2022年6月30日木曜日

 亡夫の誕生日

 マイナポイントの申請に行ってきて、すっかり忘れていました。私のマイナンバーカードの暗証番号は夫の誕生日なので、何回も使ってきたのですが、その番号が今日という日につながりませんでした。

 やっと気が付いたのは、今、夫が帰ってくるような気がして、「そんなはずはない」と打ち消した時でした。「そう言えば、今日だったのです」

 夫は照れ臭いのか、家で誕生日をすることはほとんどありませんでした。昔から、お友達とどこかでお祝いして、酔っぱらって帰って来る。嫌な日でした。誰に言わせても、私が気が利かないからなのでしょうが、この点でいえば、お互いさま。あまり記念日などを祝うことが好きではない夫婦でした。

 特に私は古稀とか喜寿とか、ほとんど関心がありませんで、冷静に『何歳』と思うだけです。

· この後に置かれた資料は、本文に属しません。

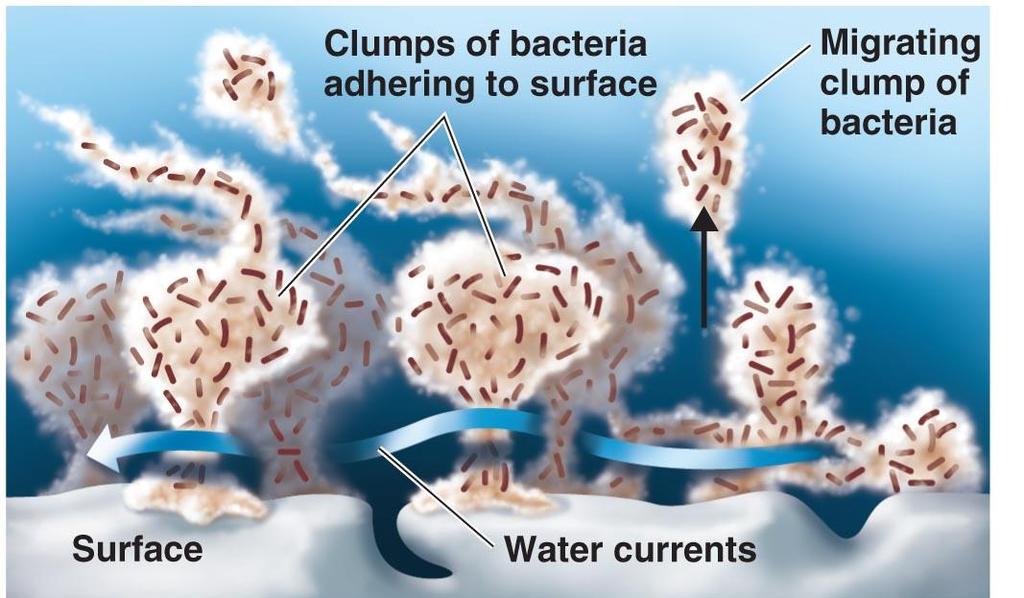 Biofilms Fig 6.5 Microbial communities form slime or hydrogels and share nutrients 1 st step: Attachment of planctonic bacteria to surface structures.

 歳をとって、さすがに祝いあうお友達もいなくなったようで、「今年は喜寿だ」と娘夫婦に催促して祝ってもらっていました。

 このように夫のこともときどきは思い出すのですが、この頃、母のことを思い出します。私と母はそんなに仲のいい親子ではありませんでした。母は忙しく、娘に何かを教えたり、躾けたりするような時間を取れませんでした。その代わり、なんでもやってくれましたし、助けてくれました。口で言うより、その方が早かったのでしょう。

 おかげで私は何にもできない、何にもわからない、世間に出て、よそ様に叱られたり、嫌われたりするたびに、基本のしつけもしないまま、放り出されたと思うようになりました。あとで考えれば、『世の中ってそういうもの、その場でしか学べないものはたくさんある、特につらいことなど』は。とわかるようになるのですが、つらいときはやっぱり、『教えておいてほしかった』と恨んでしまいます。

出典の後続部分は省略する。